Visuellement, Ushijima n’est pas du tout attrayant. Le dessin est froid, fonctionnel et sans exagération. On n'y retrouve pas de poses héroïques, pas de grands effets... Au contraire, l’esthétique suit la ligne du récit : crue et directe. Bizarrement, c’est justement cette sobriété qui frappe et rend le manga plus crédible.
Mais pourquoi ce manga est resté dans l’ombre ?
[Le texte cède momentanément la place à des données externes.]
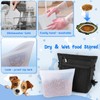 Likesing Dog Treat Pouch with 2 Silicone Snack Pouches, 2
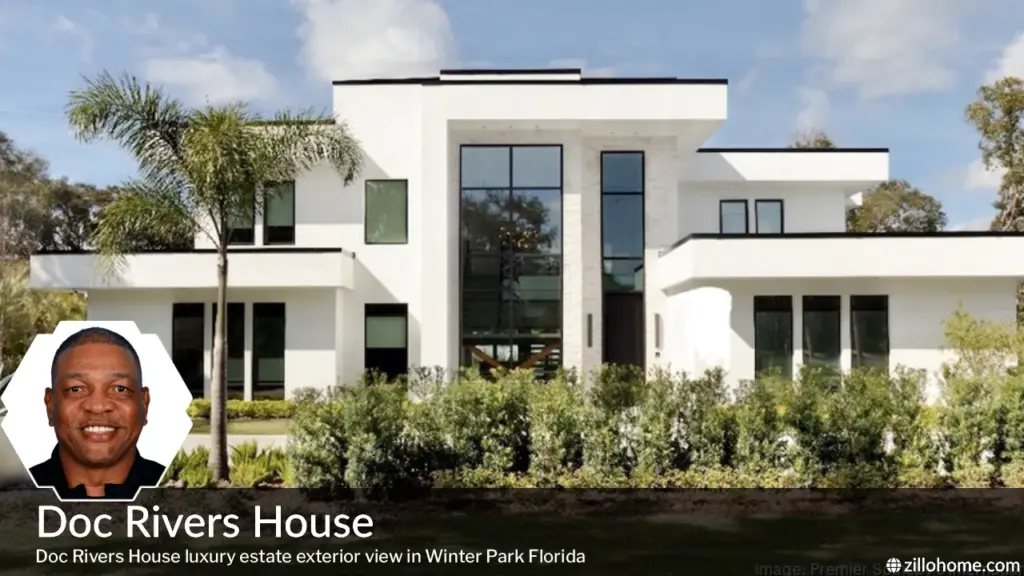 Stunning $9.5 Million Doc Rivers House Tour in Malibu Cove, California Doc Rivers House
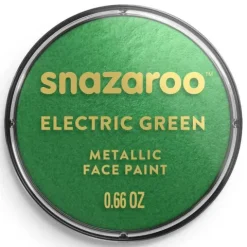Farba do twarzy i ciała METALLIC Snazaroo 18 ml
Malgré ses qualités narratives et sa pertinence sociale, Ushijima est rarement cité parmi les grands seinen. Plusieurs raisons peuvent expliquer cela : tout d'abord, il n’a pas eu d’adaptation animée, malgré des adaptations en films et en séries ; il faut aussi souligner que le sujet est jugé trop sombre ou trop réaliste pour le lectorat classique, ce que n'arrange en rien l'absence de héros charismatique et d'univers stylisé. Enfin, son ton glaçant et désespéré rebute ceux qui chercheraient de l’émotion ou de l’évasion.
"[... ]DISTINCTIONS :
En 2008, le manga est nommé au Prix culturel Osamu Tezuka, catégorie Grand prix.
En 2011, le manga est récompensé par le prix Shōgakukan dans la catégorie générale, à égalité avec Space Brothers de Chūya Koyama[5].
[...]"
c'est donc une référence puisqu'il a été primé.